Pre-trained model not found. Train the model first.


In [10]:
# Flask API
app = Flask(__name__)

@app.route('/recommend', methods=['POST'])
def recommend():
    """
    Recommend products based on user_id. 
    Expected Input (JSON): {"user_id": <Customer_Id>, "num_recommendations": 5}
    """
#Enter the encoded customer_id (i.e. encoded user classes from the previous thread) in the API
    data = request.get_json()
    customer_id = data.get("user_id")
    num_recommendations = data.get("num_recommendations", 5)

    if customer_id not in user_encoder.classes_:
        return jsonify({"error": "Customer ID not found"}), 400

    # Fetching internal user index
    user_idx = user_encoder.transform([customer_id])[0]
    # Generating recommendations
    model.eval()
    with torch.no_grad():
        all_items = torch.arange(num_items)
        scores = model(torch.tensor([user_idx]), all_items)
        top_items = scores.argsort(descending=True)[:num_recommendations]
        recommended_products = item_encoder.inverse_transform(top_items.numpy())

    return jsonify({"user_id": customer_id, "recommendations": recommended_products.tolist()})




In [11]:
# Training Function
def train_model(data, model, epochs=10, batch_size=256, learning_rate=0.01):
    """
    Train the matrix factorization model.
    """
    # Creating DataLoader
    class InteractionDataset(torch.utils.data.Dataset):
        def __init__(self, df):
            self.users = torch.tensor(df['user_id'].values, dtype=torch.long)
            self.items = torch.tensor(df['item_id'].values, dtype=torch.long)
            self.ratings = torch.tensor(df['Quantity'].values, dtype=torch.float)

        def __len__(self):
            return len(self.ratings)

        def __getitem__(self, idx):
            return self.users[idx], self.items[idx], self.ratings[idx]

    train_dataset = InteractionDataset(data)
    train_loader = torch.utils.data.DataLoader(train_dataset, batch_size=batch_size, shuffle=True)

    # Defining optimizer and loss function
    optimizer = torch.optim.Adam(model.parameters(), lr=learning_rate)
    criterion = nn.MSELoss()

    # Training loop
    model.train()
    for epoch in range(epochs):
        total_loss = 0
        for user, item, rating in train_loader:
            optimizer.zero_grad()
            predictions = model(user, item)
            loss = criterion(predictions, rating)
            loss.backward()
            optimizer.step()
            total_loss += loss.item()
        print(f"Epoch {epoch+1}/{epochs}, Loss: {total_loss:.4f}")

    
    torch.save(model.state_dict(), 'model.pth')
    print("Model training completed and saved as 'model.pth'.")

In [12]:
# Defining Function to run Flask 
def run_flask():
    app.run(debug=True, use_reloader=False)

if __name__ == '__main__':
    # Training the model if no pre-trained weights are found
    if not os.path.exists('model.pth'):
        print("No pre-trained model found.

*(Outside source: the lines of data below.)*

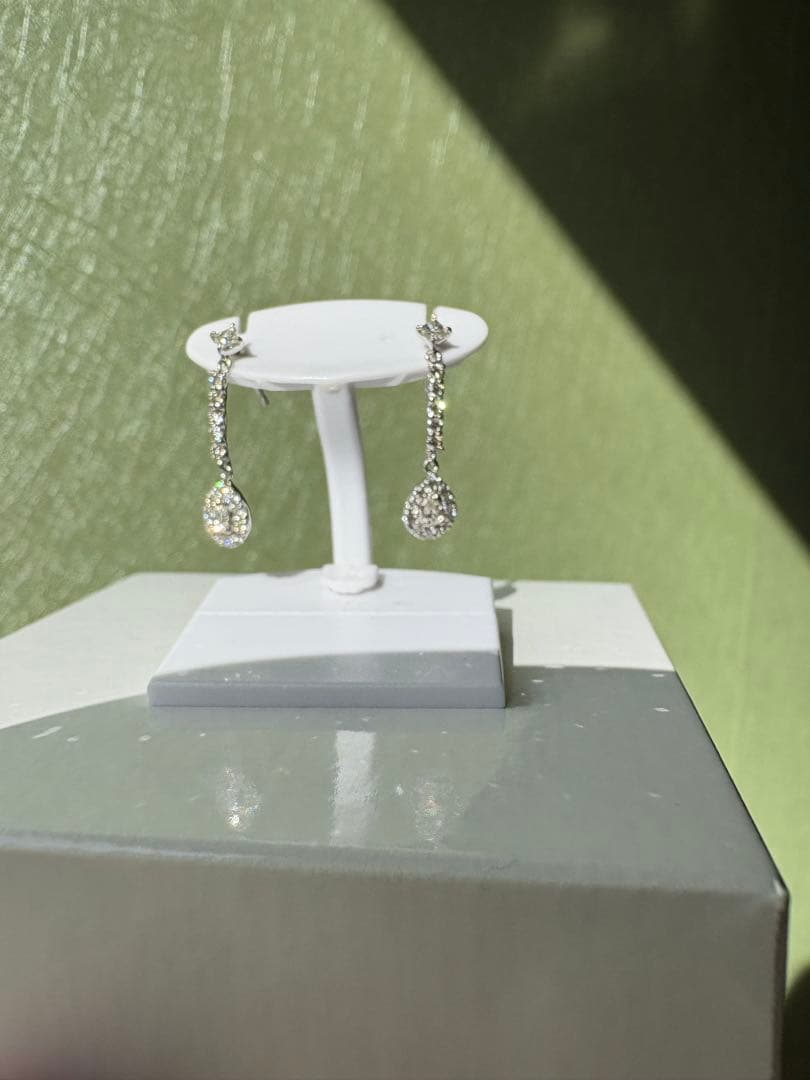 ダイヤモンド ピアス プラチナ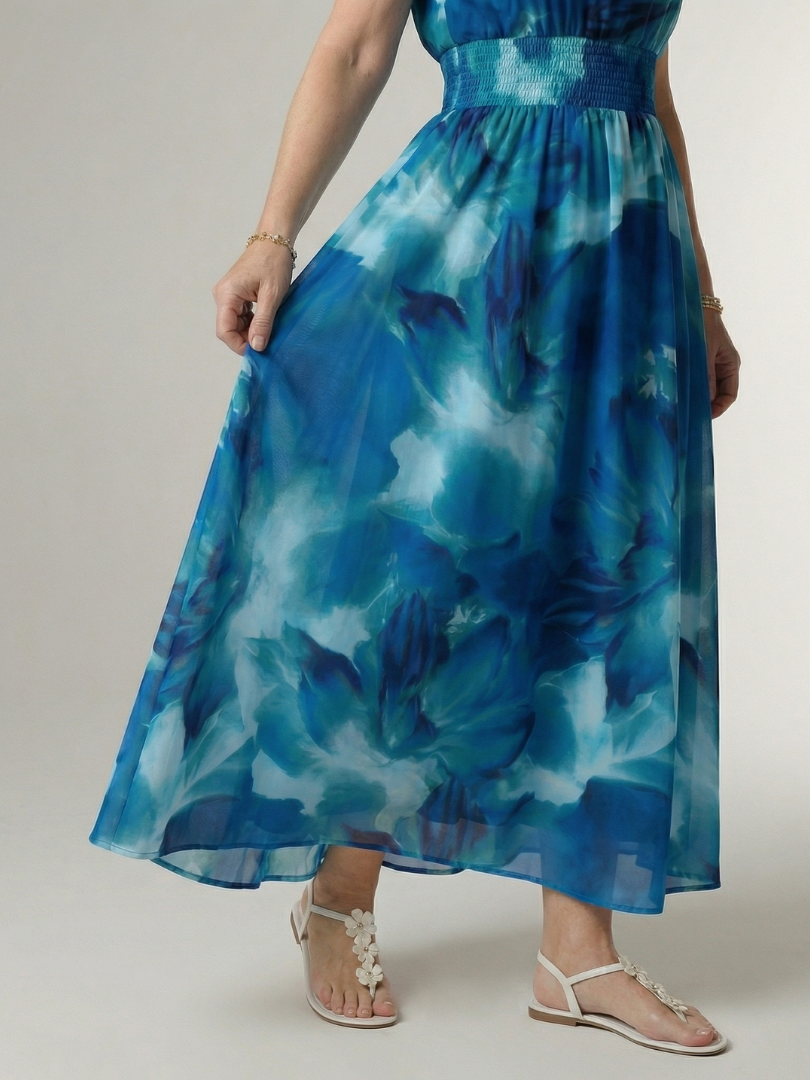 Women's Sleeveless Gathered Halter Midi Dress with Relaxed Fit and Waist Detail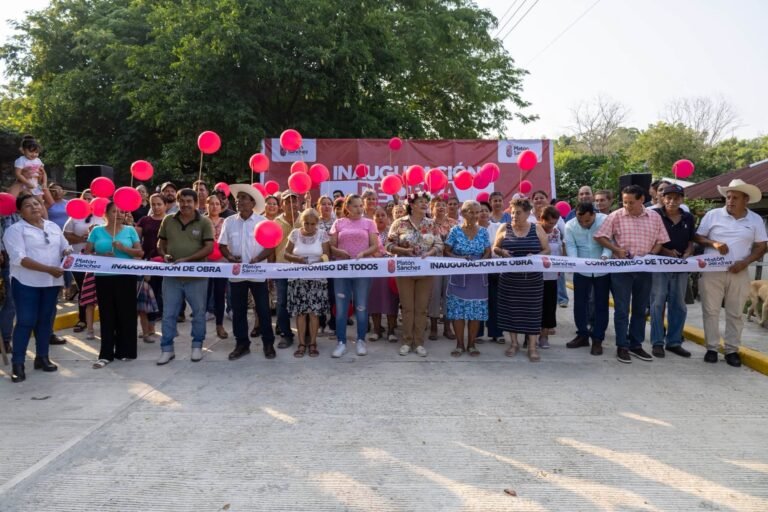 Inauguran pavimentación que transforma la movilidad y fortalece la educación en Zacatianguis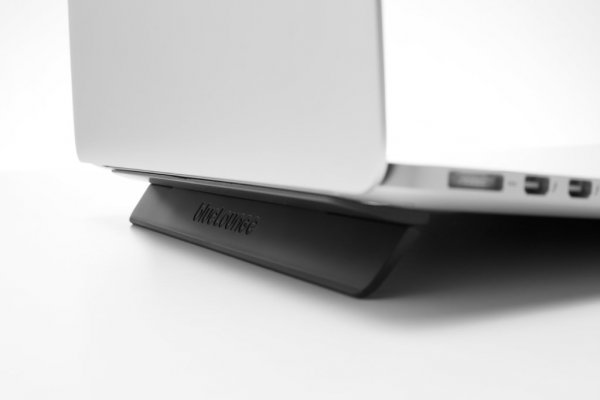 Bluelounge Kickflip MacBook Pro 15/16" Utfällbart Stöd Svart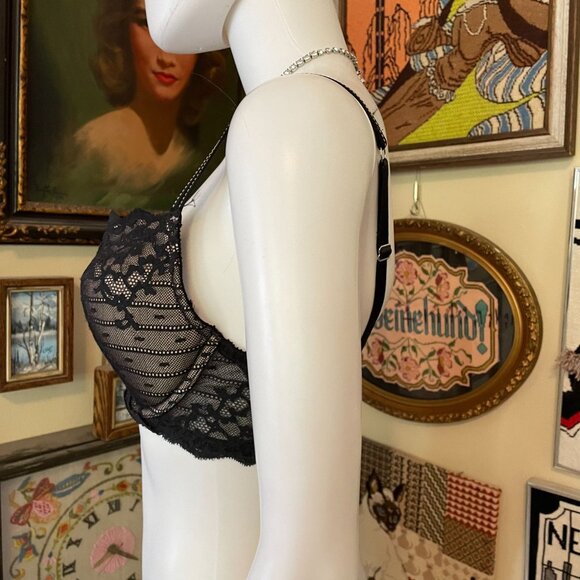 Chantelle Womens Black Lace Underwire Bra Size 32DDD - Picture 3 of 9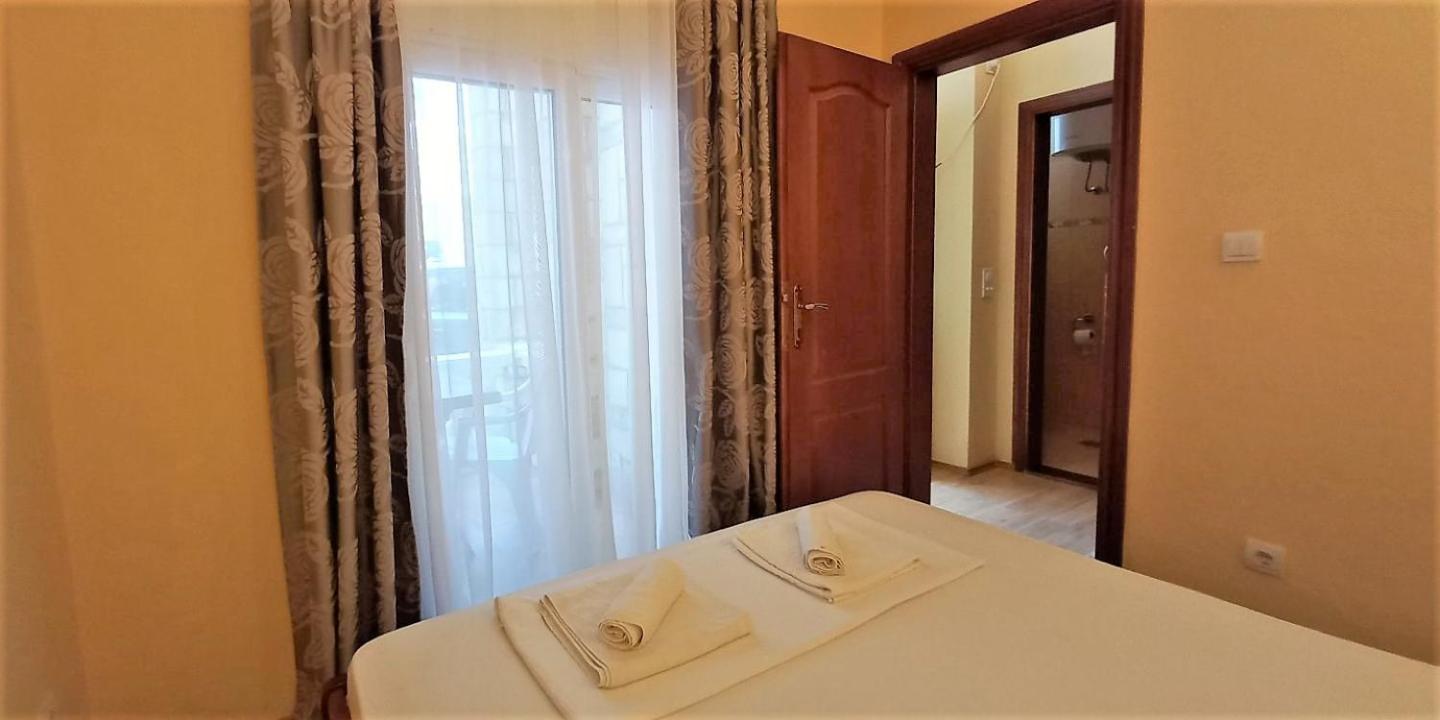 Castellamare Residence Petrovac Rum bild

Training the model...")
        train_model(data, model)

    # Starting Flask server 
    flask_thread = threading.Thread(target=run_flask)
    flask_thread.start()

No pre-trained model found. Training the model...
Epoch 1/10, Loss: 7122.2872
Epoch 2/10, Loss: 1948.1904
Epoch 3/10, Loss: 1067.7831
Epoch 4/10, Loss: 597.2843
Epoch 5/10, Loss: 313.9673
Epoch 6/10, Loss: 182.2318
Epoch 7/10, Loss: 135.7687
Epoch 8/10, Loss: 121.9405
Epoch 9/10, Loss: 108.1276
Epoch 10/10, Loss: 89.5284
Model training completed and saved as 'model.pth'.
 * Serving Flask app '__main__'
 * Debug mode: on


 * Running on http://127.0.0.1:5000
Press CTRL+C to quit